Hudiedao du milieu ou de la fin du XIXe siècle,
mesurant 49 cm de long. Les pointes sont manquantes.
La plupart des hudiedao du XIXe siècle (environ 70%) semblent avoir une longueur de 50 à 60 cm. Vu leur taille il est clair qu’ils n’étaient pas destinés à être portés “discrètement” si on ajoute le fait qu’ils étaient surtout utilisés par les mercenaires (appelés des “braves”) ou des milices locales, il n’y avait aucune raison de les cacher. Au contraire. Le fait de voir ou d’entrevoir cette arme donnait une indication claire de la personnalité de son porteur.
On peut aussi rencontrer des modèles ayant la forme et la moitié de la taille d’un dao en queue de bœuf, très populaire parmi les artistes martiaux civils au XIXe siècle. Dans ce cas les lames étaient parfois très décorées.

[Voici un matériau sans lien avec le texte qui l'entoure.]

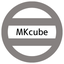 MKcube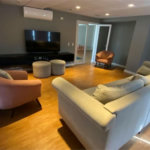 Apartamento à venda com 3 suítes em Vila Romana, São Paulo, SP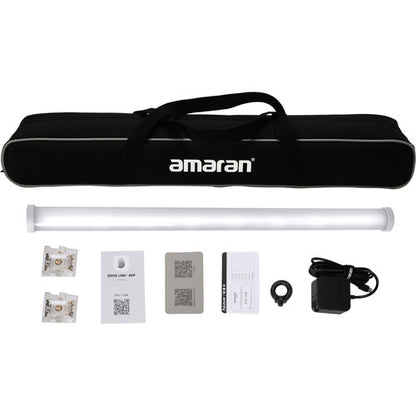 Amaran AP20012A10  PT2c - 2' Tube RGBWW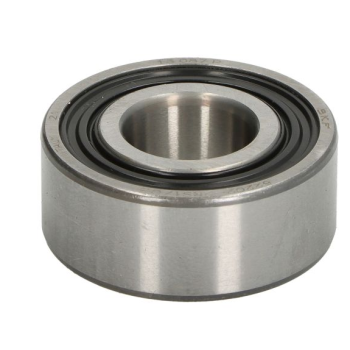 Łożysko 15x35x14 mm 3553632M91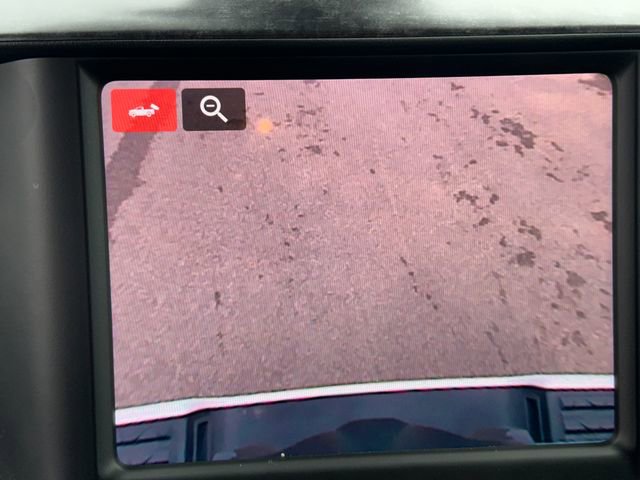 Used 2022 RAM 1500 Big Horn image 23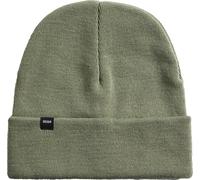 Seger Men's Marbäck Green ONESIZE
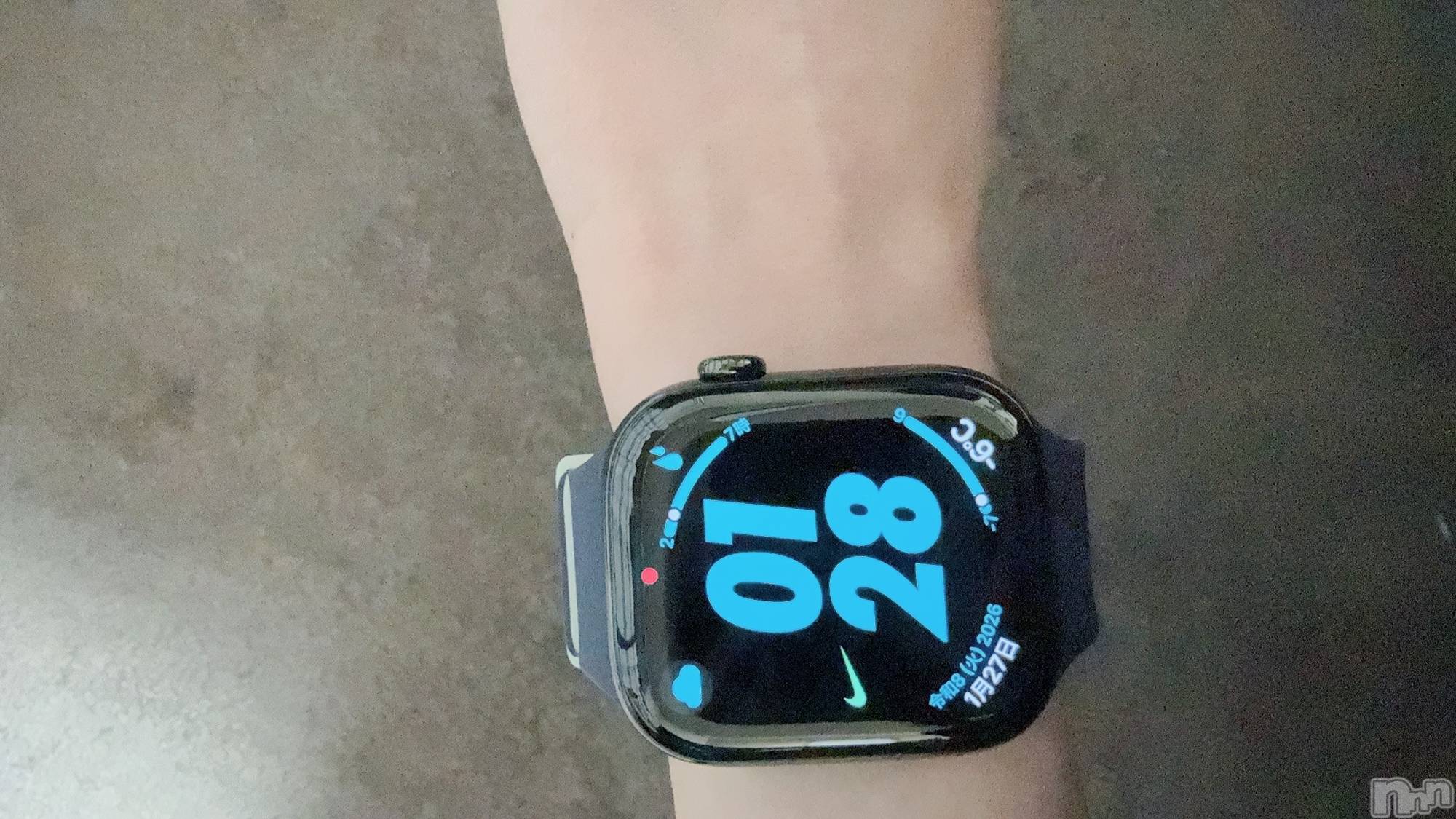 ��Į����Х��顦����֥���� �ץ���� ����(����� �ץ���� ������) ��2026ǯ1��27���̥�֥����֡���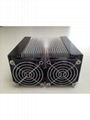 Zeusminer Blizzard X6 4Mh/s |LOW-POWER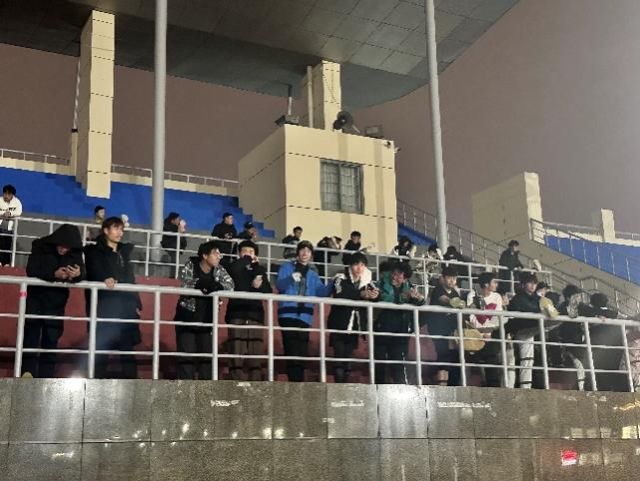 ms88明升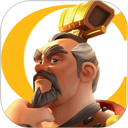 万国觉醒手机版 v1.1.7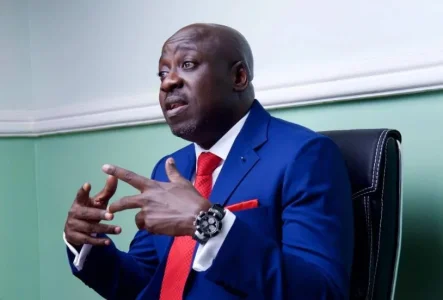 apc publicity - daily post - nigeria political news.JPG apc publicity - daily post - nigeria political news.JPG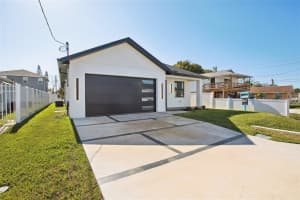 3020 FRIERSON AVENUE, TAMPA, FL 33614 Sold 02/04/25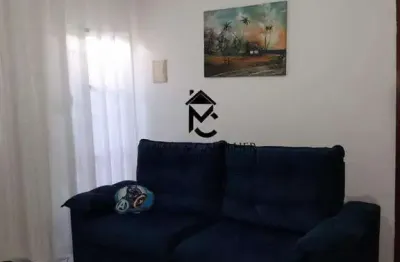 Casa com 3 quartos à venda na Rua José Marcelino dos Santos, Parque Aeroporto, Taubaté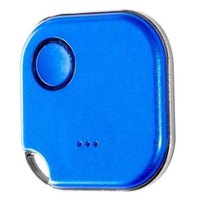 Shelly Control Remoto Bluetooth Blu Button1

Enfin il y a des lames plus courtes, plus épaisses, fabriquées pour couper et hacher.  C’est ce qui ressemble le plus au modèle utilisé par les personnes pratiquant le wushu et les artistes martiaux modernes. Certaines de ces armes pouvaient être portées cachées, elles sont mieux équilibrées et ont une pointe plus solide que les imitations  de piètre qualité que l’on trouve de nos jours. Et il est intéressant de remarquer que ces lames plus courtes, qui ont un aspect plus “moderne” sont finalement bien moins communes à l’époque que les autres types susmentionnés.
Les fourreaux étaient pratiquement toujours faits en cuir, et ne contenaient pas de séparation intérieure pour chaque lame (chose qui peut être parfois vue dans les doubles lames du nord)
Je n’ai pas réussi à déterminer quand le terme “hudiedao” est entré dans le langage commun.